II. We come back, then, to the Catholic answer. Treat the Catholic
Church as Divine only and you will stumble over her scandals, her
failures, and her shortcomings. Treat her as Human only and you will be
silenced by her miracles, her sanctity, and her eternal resurrections.

(i) Of course the Catholic Church is Human. She consists of fallible
men, and her Humanity is not even safeguarded as was that of Christ
against the incursions of sin. Always, therefore, there have been
scandals, and always will be. Popes may betray their trust, in all human
matters; priests their flocks; laymen their faith.

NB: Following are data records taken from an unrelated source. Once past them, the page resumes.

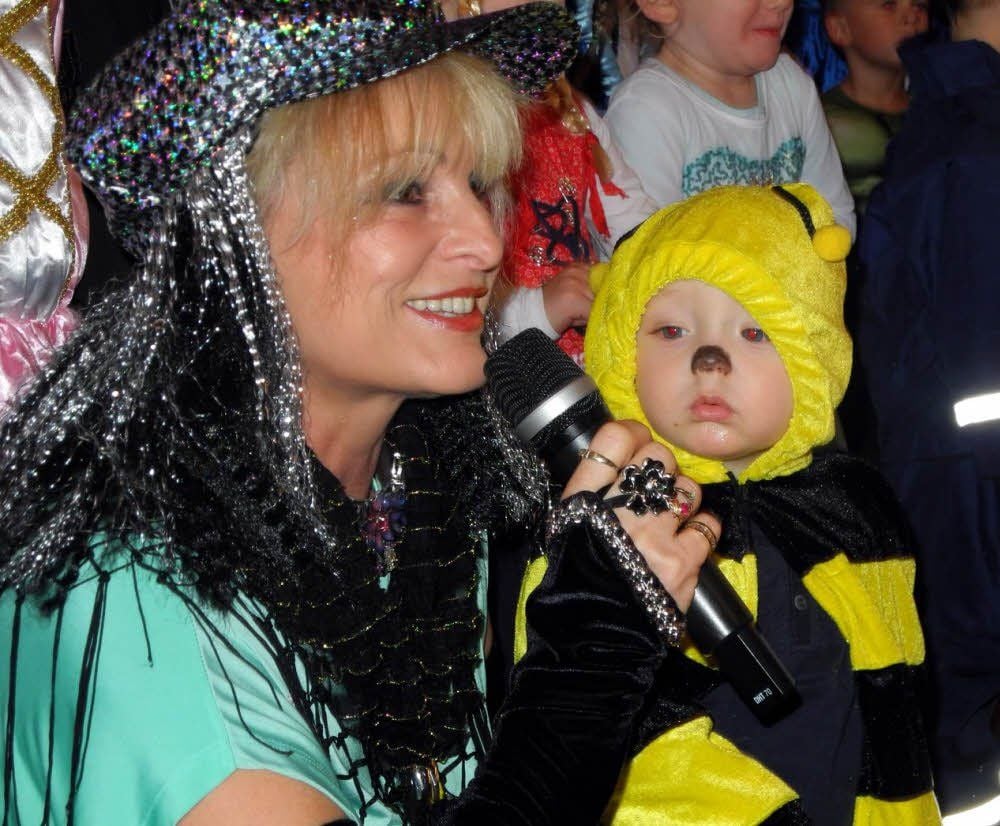 Moderatorin Antje Berger erklärt in Mönchenhöfe dem Jüngsten: „Schau Arne, das ist Fasching. Alle sind quietschvergnügt, und wir stiften sie dazu an!“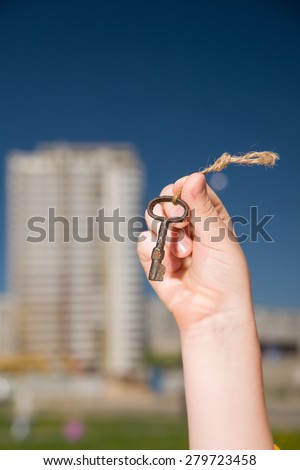 Child hand holding an old keys on a string against the sky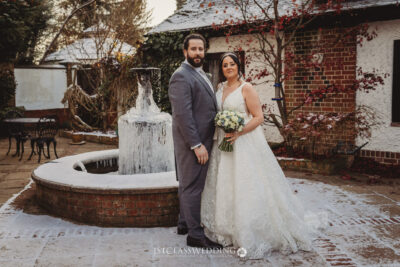 Couple posing in winter wedding attire by frozen fountain.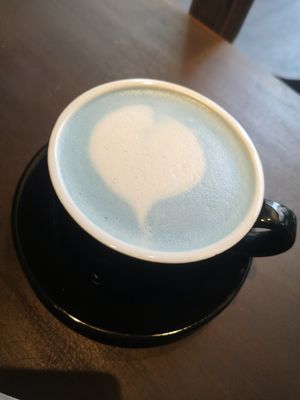 Lavender latte with oat milk, unsweetened at Kafka Cafe in Ho Chi Minh City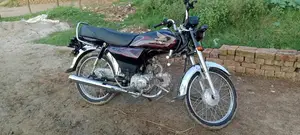 Photo - Honda 70cc Motorcycle - 2025 Model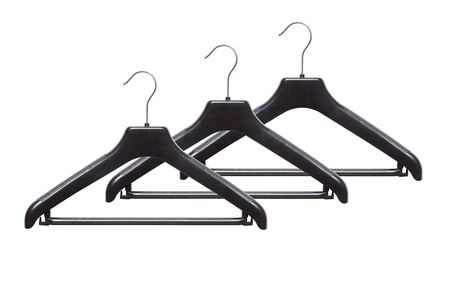 Closeup of black clothing hanger isolated over white backgroundの写真素材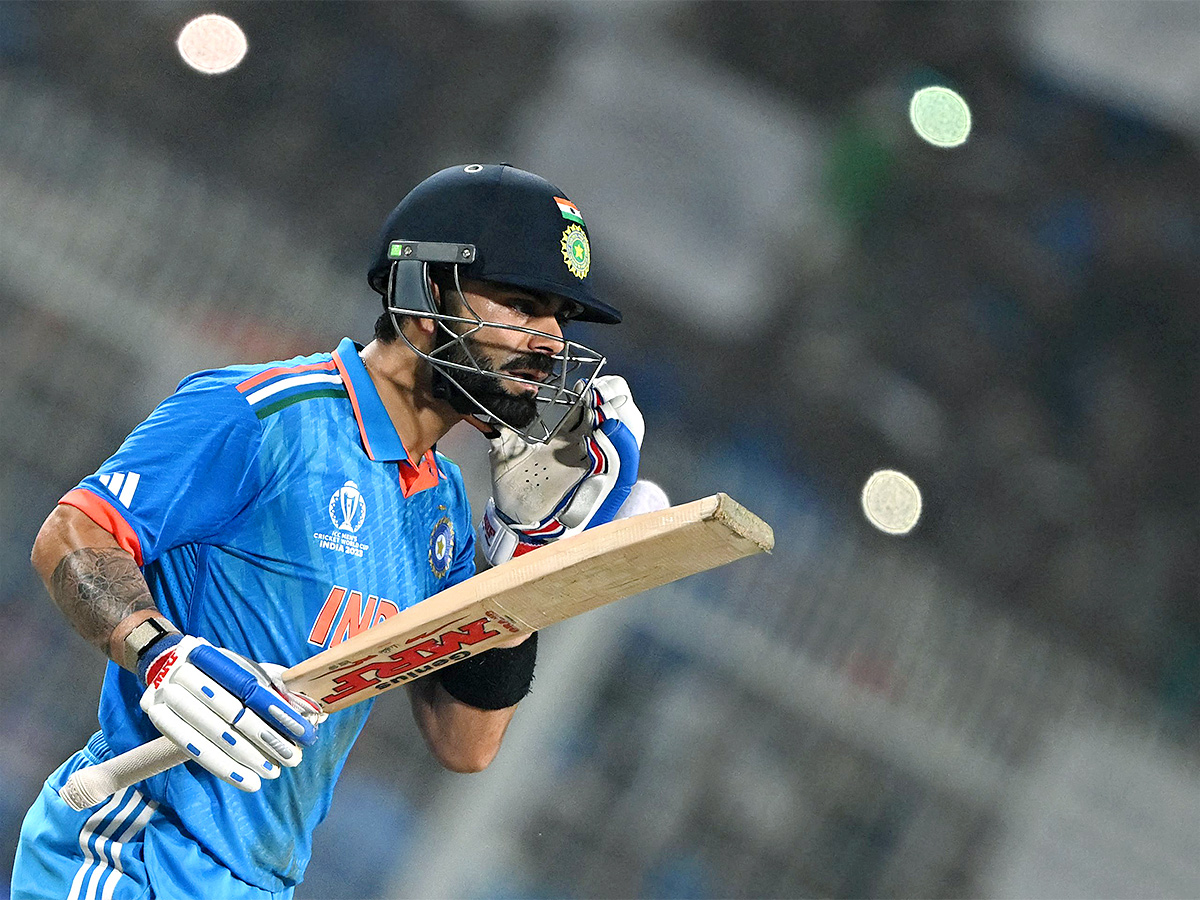 Virat_20Kohli_20Celebrates_2049_20ODI_20Century_20Photos-16.jpg 15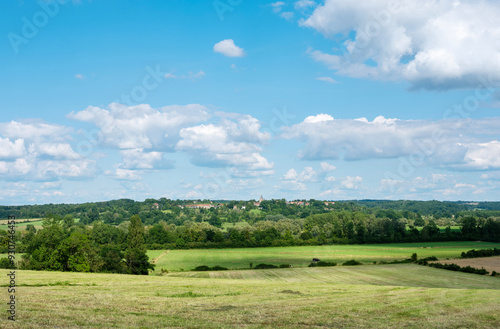 countryside landscape of pays d'argonne with village and trees under blue summer sky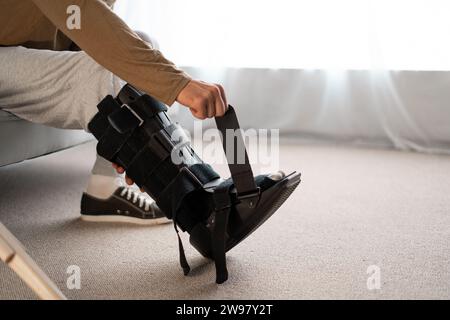 Close-up of a man putting walking brace to his leg sitting on sofa at home Stock Photo
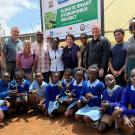 Group of people pose for photo in front of sign that reads "climate smart hydroponics project"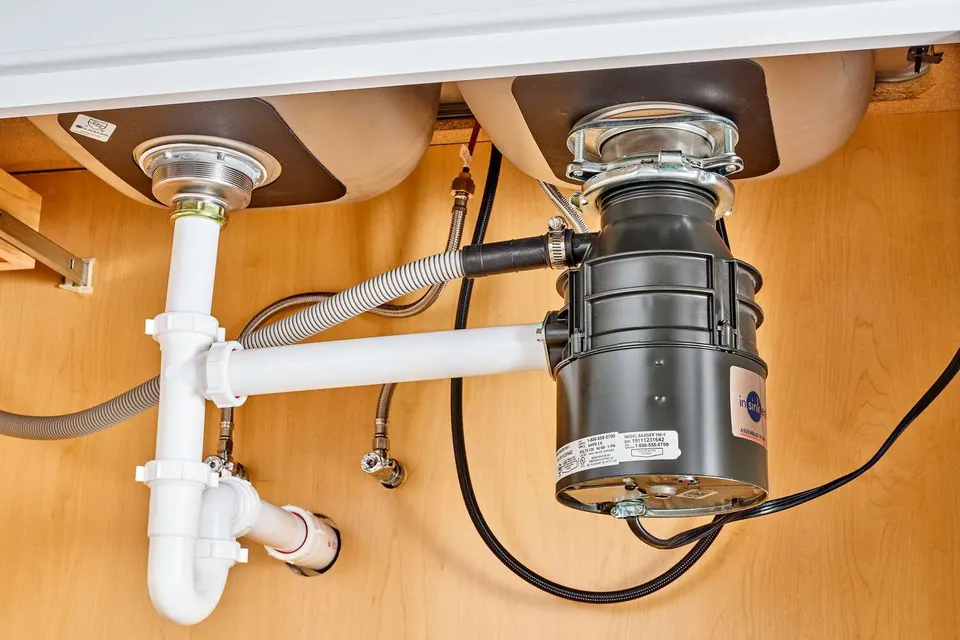Plumber checking a kitchen drain trap below a disposal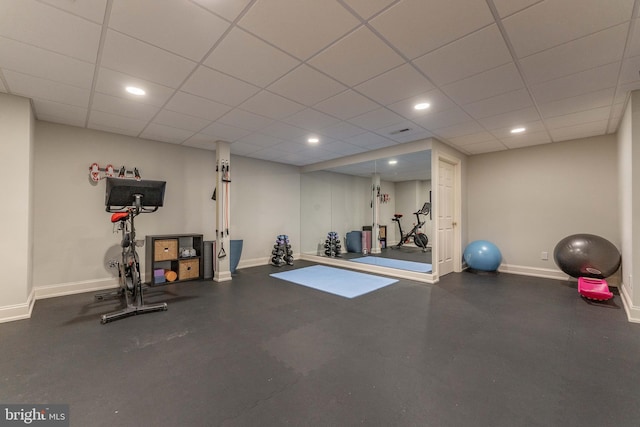 workout room with recessed lighting, baseboards, and a drop ceiling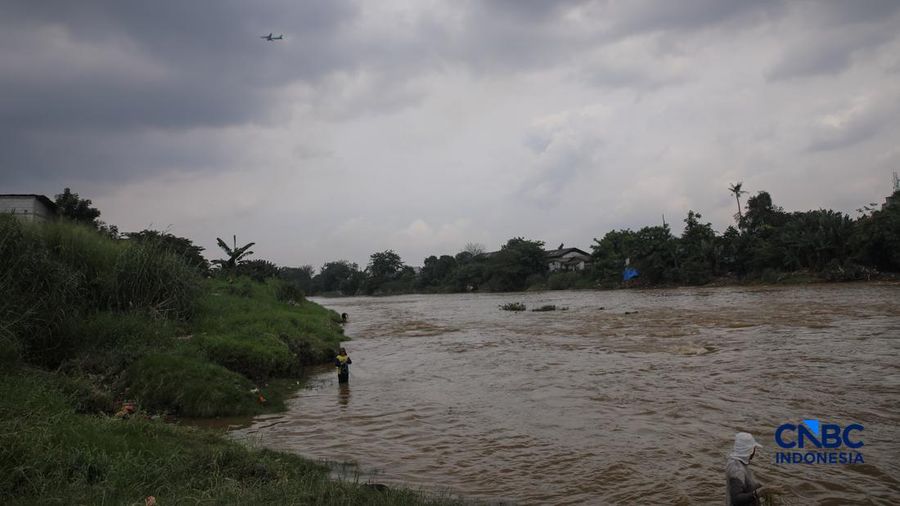 Warga mencari ikan pada aliran Sungai Cisadane yang tercemar limbah di Kota Tangerang, Banten, Kamis (12/2/2026). (CNBC Indonesia/Faisal Rahman)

No man is secure.
And, again, since she is human it is perfectly true that she has
profited by human circumstances for the increase of her power.
Undoubtedly it was the existence of the Roman Empire, with its roads,
its rapid means of transit, and its organization, that made possible the
swift propagation of the Gospel in the first centuries. Undoubtedly it
was the empty throne of Caesar and the prestige of Rome that developed
the world's acceptance of the authority of Peter's Chair. Undoubtedly
it was the divisions of Europe that cemented the Church's unity and led
men to look to a Supreme Authority that might compose their differences.
There is scarcely an opening in human affairs into which she has not
plunged; hardly an opportunity she has missed. Human affairs, human sins
and weaknesses as well as human virtues, have all contributed to her
power. So grows a tree, even in uncongenial soil. The rocks that impede
the roots later become their support; the rich soil, waiting for an
occupant, has been drawn up into the life of the leaves; the very winds
that imperilled the young sapling have developed too its power of
resistance. Yet these things do not make the tree.